話の流れでジョーク的に言ったかもしれない過去の僕の発言を真に捉えて頭いいと勘違いしてるのだろうか。
「なんでって……。大人しい感じの人って頭よさそうじゃない?」
「何その最大限オブラートに包んだ結果、逆に失礼になってる感じ。てか、あれだからな?頭いい奴は大人しいガリ勉っぽい奴じゃなくて意外と私生活充実してる感じの人のほうが頭いいっていうね……。現実は悲しいんだよ……」
「……ごめんなさい」
「わかればいいんだよ、わかれば……」
お互いに気まずい沈黙が訪れる。
なにこれ。
僕が謝ればいいの?
陰キャでごめんなさいってなんでやねん。
心の中で一人激寒ノリツッコミをして僕が楽しむ。
そう、ぼっちはいつでも想像力を働かせれば脳内アミューズメントパークなのだ。
「それで、どうするの?」
僕が脳内で楽しんでいる最中に仁科さんが僕に問いかける。
言葉を省きすぎて要領を得ない。
「何が?」
「結論から言えば、無理よ。スクールカーストをなくすなんてこと」
「そうかもな……」
「そうよ。杜若くんが企てた作戦は実行どころか私たちはその土俵にも立てなかった。この事実はどう考えても私たちの力では覆すことはできない。たとえ小石川先生の力を借りたとしても」
そうだ。
小石川先生も言ってたじゃないか。クラス内の序列を壊すなんてことは無理だって。
大人でも解決できない問題に仁科さんはまだしも頭の悪い僕に何ができるんだ。
そもそも……。
「そもそも……。杜若くんはそこまでしてスクールカーストを壊したいっていう強い意志はあるの?」
「え?」
「スクールカーストを壊そう」と言ったのは小石川先生だ。それに僕が乗っかた形だ。
ここで仁科さんの過去の発言を思い出す。
「私は学校生活なんてこんなものなのかなって思ってる」
仁科さんは心理学にどこまで興味があるのか知らないけど高校生らしいことをしたいせっかくのJKなんだからと言っていた。
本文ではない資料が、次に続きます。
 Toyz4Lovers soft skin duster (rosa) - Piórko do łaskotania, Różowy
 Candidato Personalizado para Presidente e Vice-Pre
「クラスの立場でいえば私は低カーストで間違いない。でも、だからといって不幸なわけでもない。だけど……」
僕が何と言おうか迷っている間に矢継ぎ早に話す。
「だけど……。あまり言いたくはないのだけれど小石川先生は間違いなく私を心配してくれている」
彼女は何を言わんとしているのだろうか。
いや、僕はわかっているのだ。
今のいままで現実から目を背けてきたのだ。
「私の一年前を知っている数少ない人だから……」
数少ない人。
その言葉が僕の脳内に反芻した。